Os críticos reclamam que essas vantagens podem ter um custo alto em termos de direitos humanos e acabar enfraquecendo a frágil democracia local – o que, no fim das contas, desvitalizaria a iniciativa contraterrorista.

“As pessoas vivem com pavor absoluto de falar sobre o que os militares andam fazendo”, diz Mustafa Qadri, da Anistia Internacional, entidade que recebeu denúncias de mais de cem mortes sob custódia militar em 2014.

Em questão está uma rede de 43 centros de detenção secretos espalhados pela província de Khyber Pakhtunkhwa e o cinturão tribal. Pouco se sabe sobre eles a não ser que foram formalmente criados em 2011 e que ganharam mais poder graças à lei antiterrorismo mais rígida aprovada no ano passado. A maioria fica em presídios e bases militares já existentes.

Familiares de desaparecidos entraram com 2.100 processos na Suprema Corte de Peshawar para tentar saber o que lhes aconteceu.

Os militares não respondem as perguntas sobre as condições desses centros.”Os militares paquistaneses torturaram e mataram suspeitos de serem militantes com o conhecimento, se não o consentimento, do alto escalão”, disse um estudo norte-americano em 2011.

As mortes coincidiram com os ganhos no campo de batalha e uma intolerância maior da opinião pública em relação ao grupo extremista.

As novas leis antiterrorismo deram ao Exército maiores poderes legais e, de uns meses para cá, o número de mortes sob sua custódia vem caindo, coincidindo com a instauração de uma corte militar, autorizada pelo Parlamento em janeiro. Fayaz Zafar, jornalista do Vale do Swat, contou 48 corpos devolvidos à região em 2014; este ano, foram só cinco, sendo a última devolução em dois de junho.

Para os especialistas, tal estrutura está muito aquém dos padrões internacionais e sua autoridade já vem sendo questionada pelo Supremo Tribunal nacional. Porém não há oposição pública contra essas cortes, principalmente desde o massacre perpetrado pelo Talibã que matou 150 pessoas em dezembro, na maioria crianças. As autoridades apertaram o cerco contra os militantes em outras frentes também, acabando com a moratória sobre a pena de morte, o que levou 178 presos à forca.

Um ex-detento do Swat conta que apanhou com arame farpado, chegou a comer sabão de tanta fome e foi forçado a dar falso testemunho contra outros presos.
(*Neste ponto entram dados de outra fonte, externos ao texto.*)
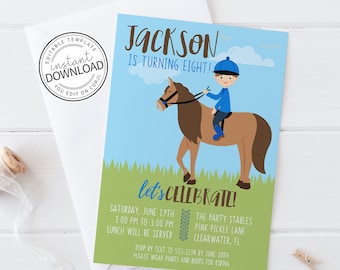 Horse Birthday Invitation, Horse Invitations, Horse Birthday Party, Equestrian Party, Instant Download Editable Invitation Template 625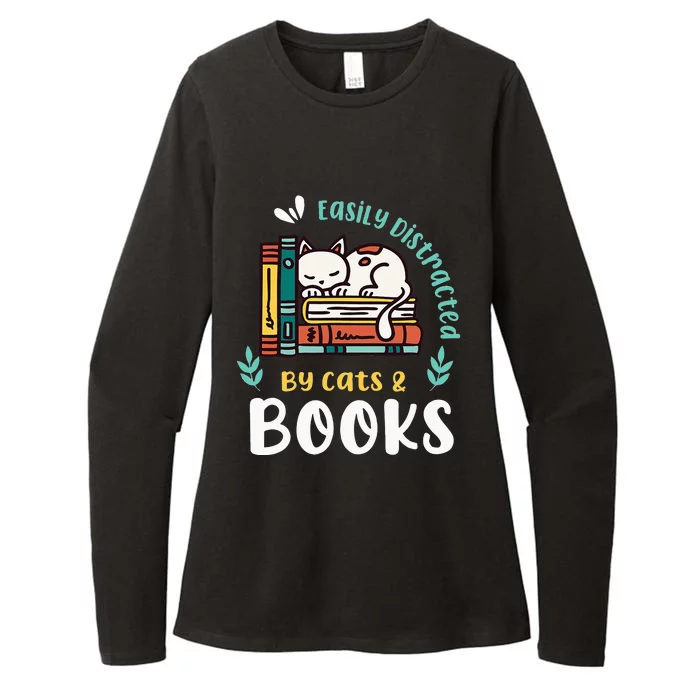 Saying About Books Easily Distracted By Cats And Books Womens CVC Long Sleeve Shirt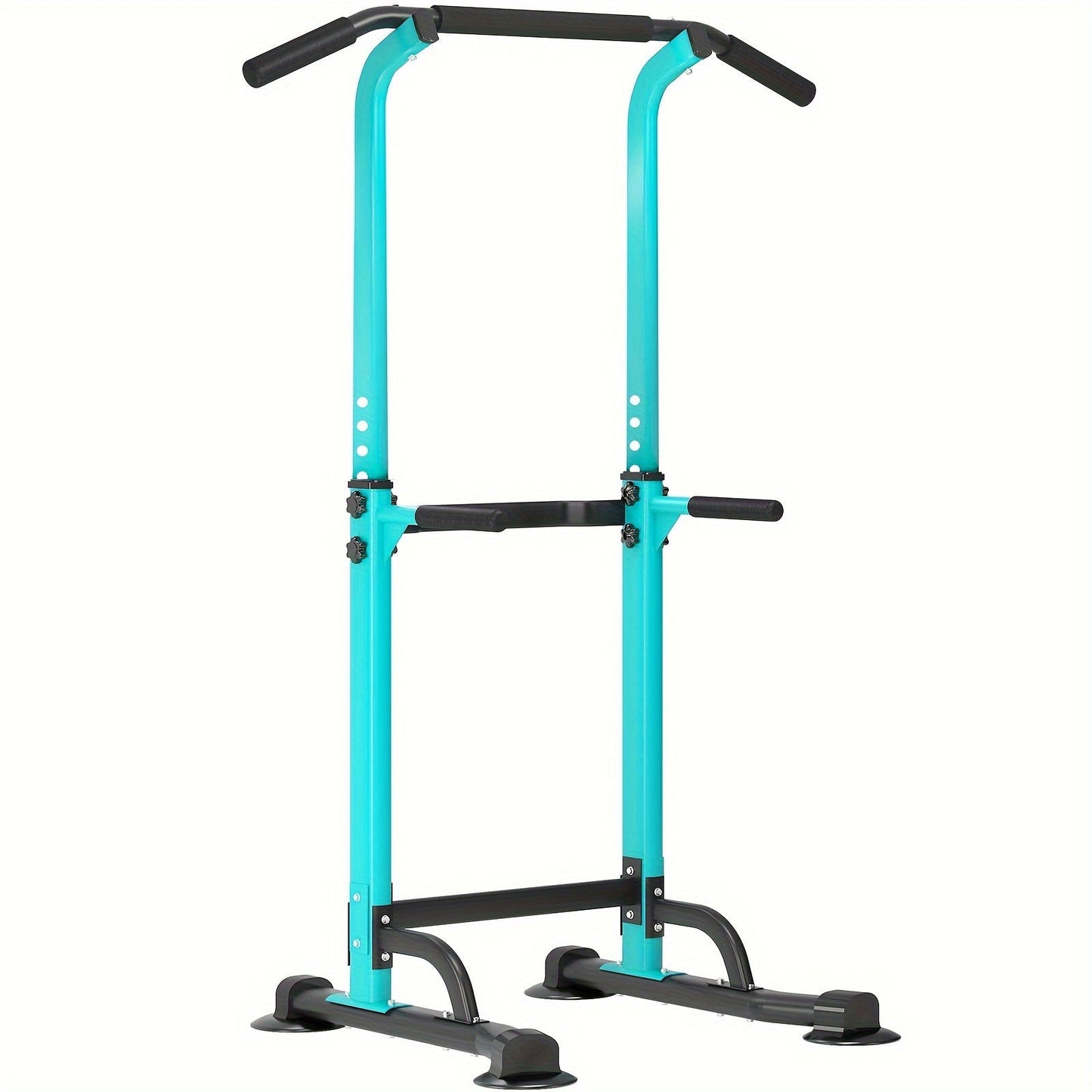 Adjustable Power Tower Dip Station Pull Up Bar for Home Gym 10 Height Levels 65-82.7 Inch 330LBS Capacity 6 Exercise Positions Full Body Strength Training Black Red Yellow Blue Pink Orange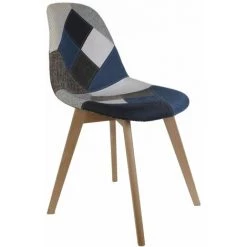 ALTOBUY DAMAS - Lot De 2 Chaises Patchwork Bleu Et Gris - Bleu -banc et tabouret Soldes Boutique 17873681 3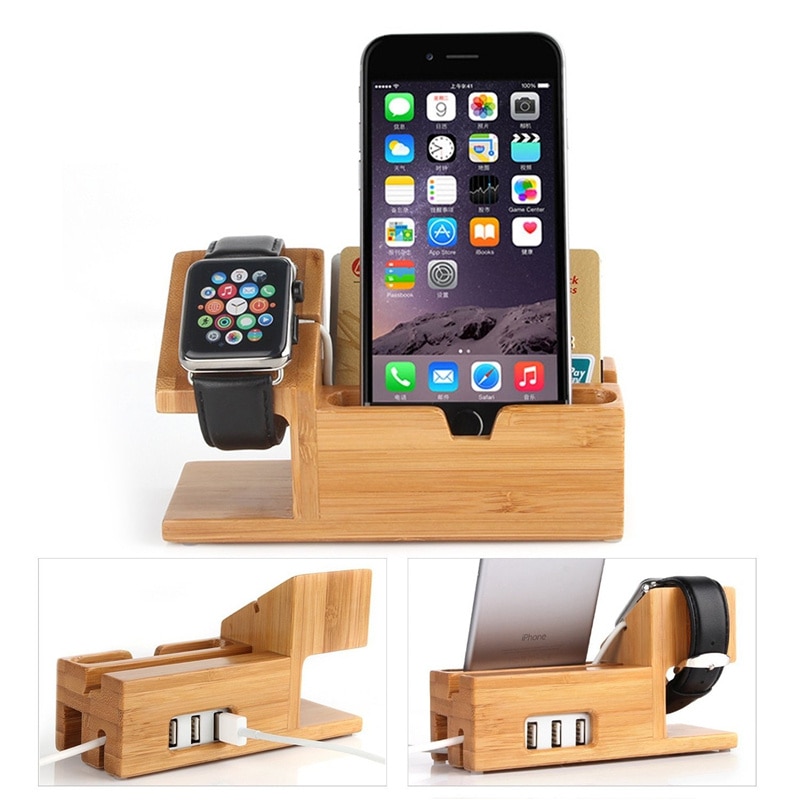 Wooden Charging Dock Station Multi-Function for Mobile Phone Holder Stand Bamboo Charger Stand Base For Apple Watch iPad iPhone
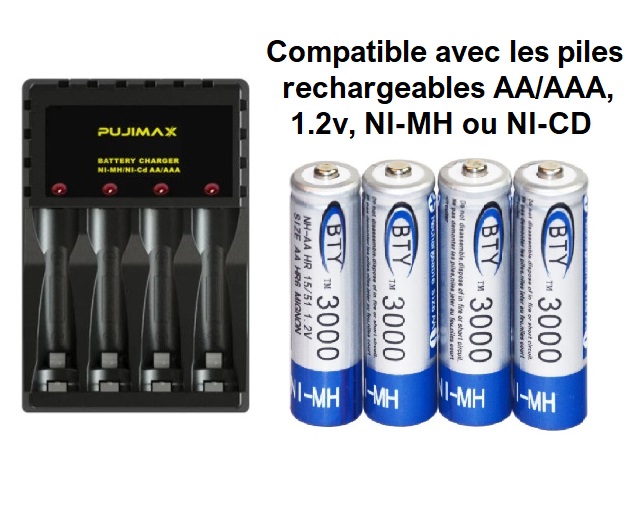 Pack 4 piles AA rechargeables USB • Nature & Découvertes Suisse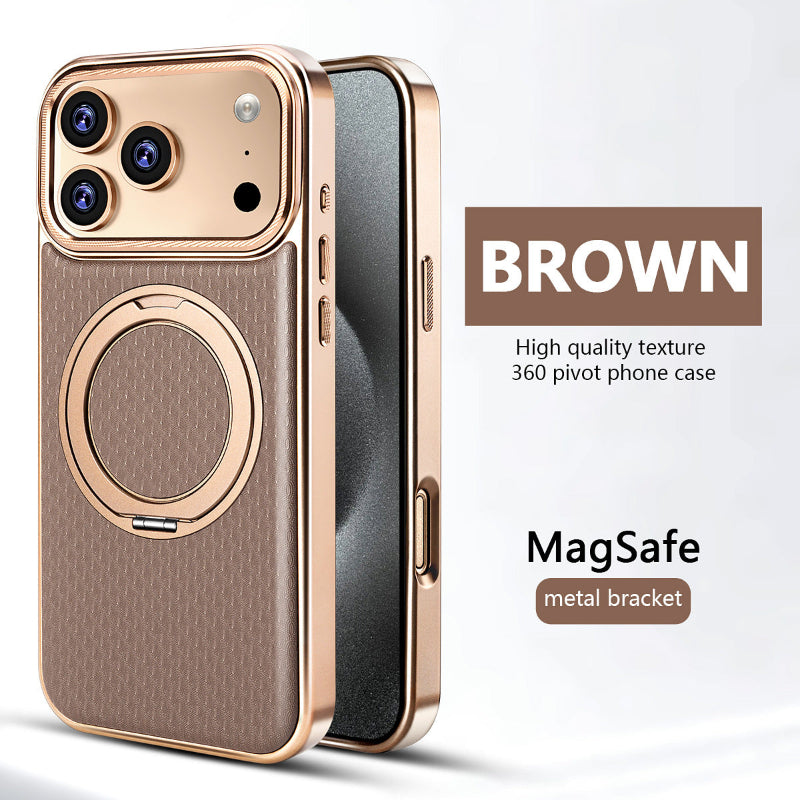 AIRKAS iPhone 17 Series 360° Rotating Leather Magnetic Stand Case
“Eu me senti culpado, mas sabia que apanharia ainda mais se me recusasse a fazê-lo”, confessa o homem que só falou sob a condição de anonimato.

Os parentes dos detidos mortos na prisão afirmam que são pressionados a enterrá-los às pressas, geralmente à noite, e muitas vezes forçados a desistir da autópsia, mesmo quando o corpo mostra sinais de violência. Em outros casos, os mulás são proibidos de rezarem pelos mortos.

No Swat, várias mulheres formaram um grupo de protesto para exigir notícias dos parentes através de protestos de rua e ações judiciais.

Poucos, porém, discordam do fato de os presos terem ligações com o Talibã. Muhammad, o rapaz que morreu, admitiu à família ter passado oito meses na companhia dos extremistas antes de ser preso, contam os parentes.

Jamaluddin Shah, funcionário público civil de Kohat, não acredita que os militares usem a tortura como prática comum. “Mas mesmo que usassem, não entendo o porquê de tanto alarde.”

“Você já viu os caras matando gente e distribuindo os vídeos depois?”, referindo-se aos vídeos de execuções. “Acha que eles merecem direitos humanos?”.